- _What is expected_
There is one span to output from the data below: the lines starting at the line with "A Guide to Native Ground Cover NZ" and ending at the line with "The Time Keeper, Mitch". Output it exactly, ends included, nothing more.

- _Source information_
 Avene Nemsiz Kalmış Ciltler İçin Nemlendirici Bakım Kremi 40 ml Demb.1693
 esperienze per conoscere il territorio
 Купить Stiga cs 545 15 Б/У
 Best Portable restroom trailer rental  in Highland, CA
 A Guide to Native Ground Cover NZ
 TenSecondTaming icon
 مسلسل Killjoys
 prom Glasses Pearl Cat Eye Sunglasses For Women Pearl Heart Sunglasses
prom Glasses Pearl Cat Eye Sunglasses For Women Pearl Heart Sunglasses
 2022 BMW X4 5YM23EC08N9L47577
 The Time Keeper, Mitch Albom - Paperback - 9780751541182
* * *
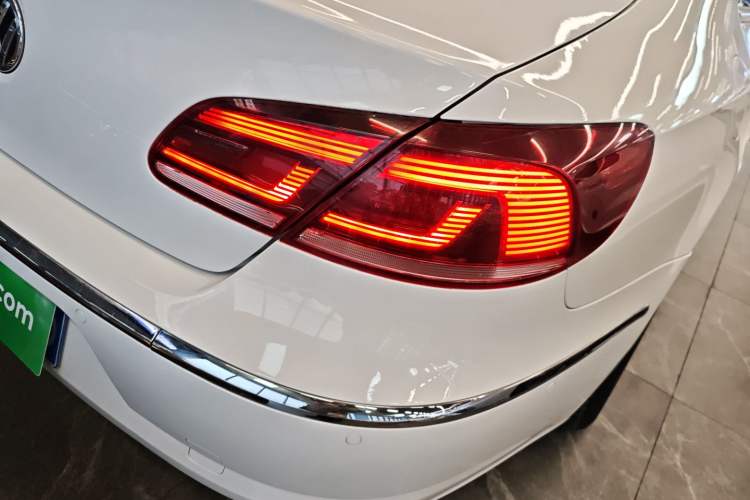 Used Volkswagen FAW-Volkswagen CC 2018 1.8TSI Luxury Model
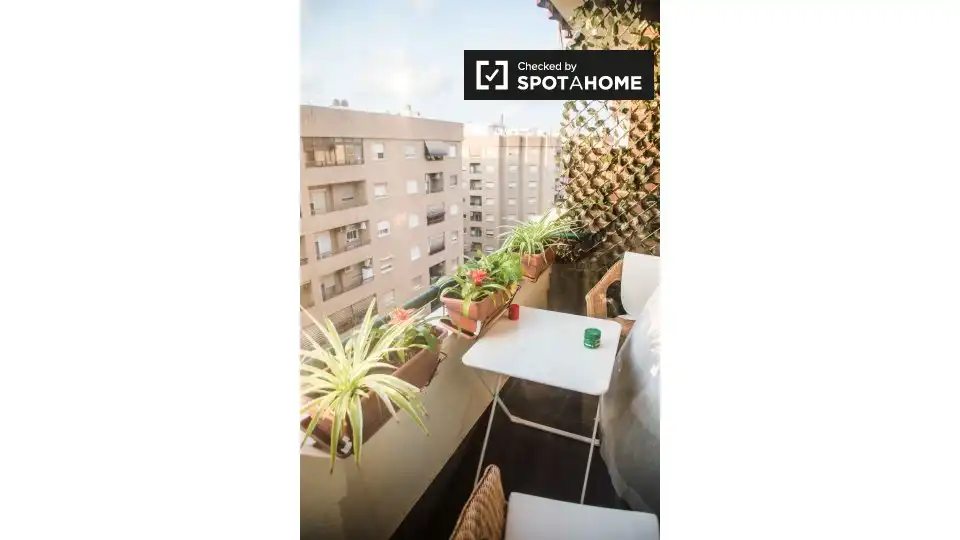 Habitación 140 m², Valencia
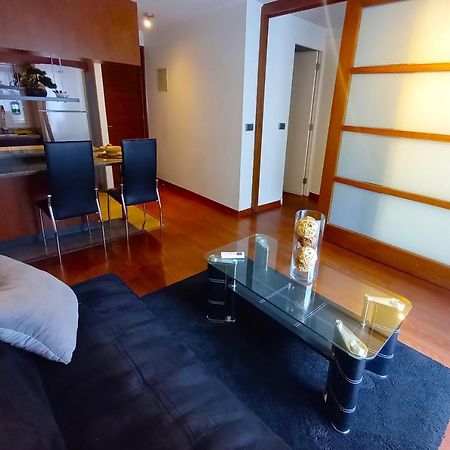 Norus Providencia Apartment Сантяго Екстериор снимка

- _Solution to the problem_
 A Guide to Native Ground Cover NZ
 TenSecondTaming icon
 مسلسل Killjoys
 prom Glasses Pearl Cat Eye Sunglasses For Women Pearl Heart Sunglasses
prom Glasses Pearl Cat Eye Sunglasses For Women Pearl Heart Sunglasses
 2022 BMW X4 5YM23EC08N9L47577
 The Time Keeper, Mitch Albom - Paperback - 9780751541182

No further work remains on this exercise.